Some men use their free time to golf. Others hunt or fish.
When Steve Kelso isn’t working with developers and contractors as a Decatur city planner, the Lawrence County resident is breeding Red Angus cows.
It’s a job he enjoys more so than the extra money it generates for his family — including his 15-month-old granddaughter, who receives money for her college fund each time Kelso sells a calf.
“I answer questions all day long at work,” he said, standing in his sloping pasture, feed bucket in hand, as his cows grazed nearby his family’s pond.
“I’m getting paid for what I know, so at the end of the day, it’s hard for me to put my finger on what I’ve done, how I’ve helped,” he said. “But when I’m out here, building a fence or chopping wood, I can see it. It’s something tangible. It’s a real simple way of life, but it keeps me balanced.
“Some days, I just come out here to feed the cows and then turn the bucket over and sit and watch them eat. I get to see my blessings.”

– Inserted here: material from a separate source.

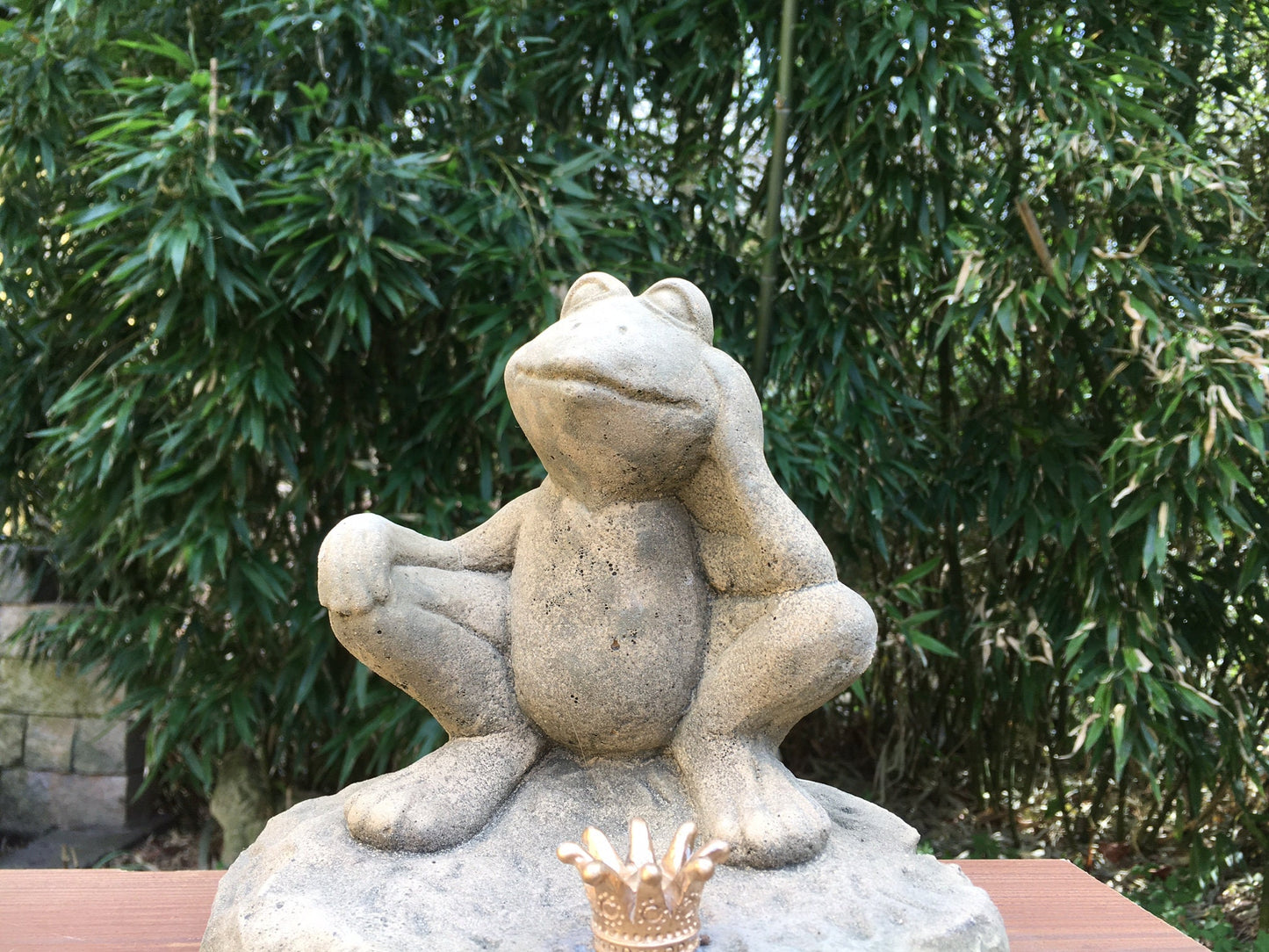 Froschkönig sitzend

Kelso raises Red Angus/Hereford calves and has just started breeding SimAngus, a Red Angus cow bred with a Simmental bull, on his small family farm in the Morris Chapel community. Health codes forbid him from selling meat, but customers can buy a calf for him to raise, then carry to the slaughterhouse of their choosing.

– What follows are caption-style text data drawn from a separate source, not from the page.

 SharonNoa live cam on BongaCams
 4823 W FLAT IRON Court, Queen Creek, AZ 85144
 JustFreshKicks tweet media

The butcher carves up the meat to their specifications. One cow is enough to load a freezer and feed a family for the year, Kelso said. Those who have tasted Kelso’s beef say they won’t ever go back to the grocery store for it again.

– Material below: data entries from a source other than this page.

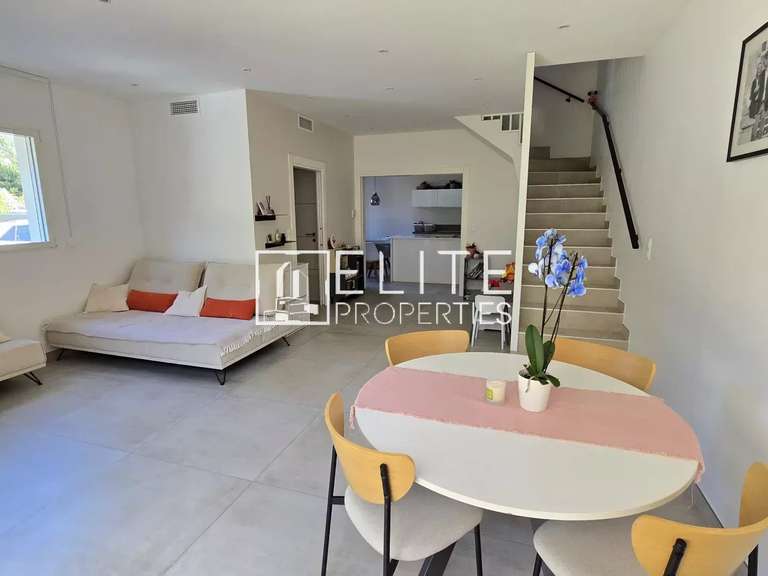 Maison La Roquette-sur-Siagne - 3 chambres - 95m²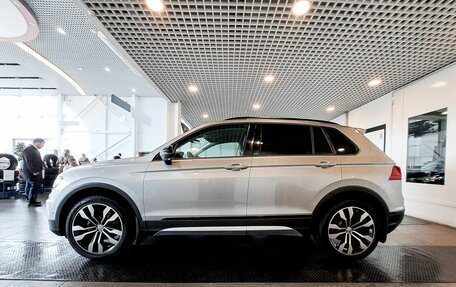 Volkswagen Tiguan II, 2020 год, 3 175 700 рублей, 8 фотография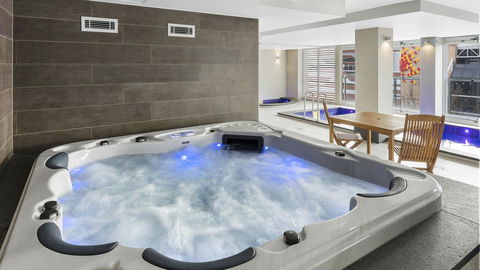 Oaks Adelaide Embassy Suites - Accommodation Yamba 2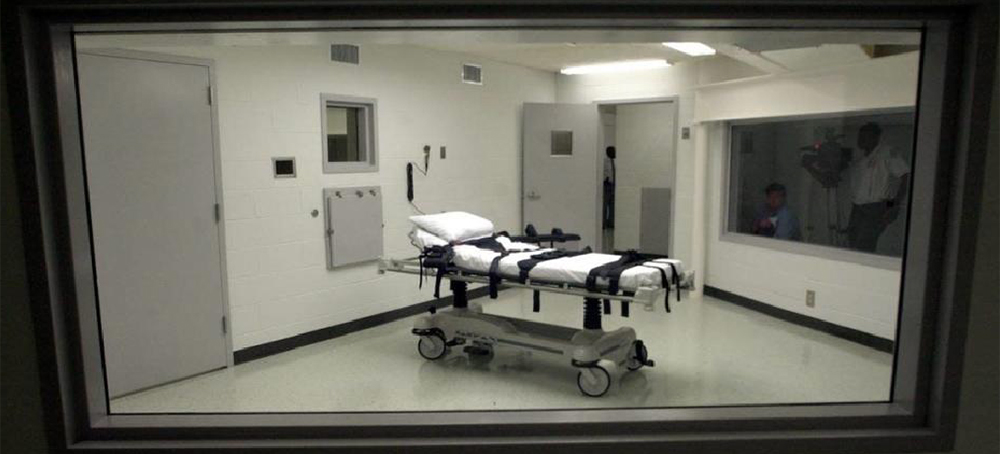 ‘Botched Execution’ Lasted 90 Minutes as Alabama Inmate Survived ‘Torture,’ Lawsuit Says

“I’ve been spoiled. Steve’s beef is so tender and lean. I can’t go back. I won’t even buy the other stuff,” said his co-worker, fellow city planner Karen Smith, a loyal customer since Kelso began his cattle operation 10 years ago. “If I have to buy beef from the grocery store, it’s ground sirloin.”
Eight to 10 City Hall employees buy his beef each year, including former colleague Todd Russell, who left his post as information systems director this year to work at Carpenter Technology.
“I like it because I know what I’m getting,” Russell said. “It tastes better, too. Sometimes I don’t even have to use a knife to cut it, it’s so tender. I just use my fork. And even though I’m paying two people, it ends up being cheaper per pound buying it this way.”
Kelso has 30 cows and three bulls, one of which is his new prize — a 1-year-old pure Red Angus he bought from Danny Osborne of Oof Farms in Athens.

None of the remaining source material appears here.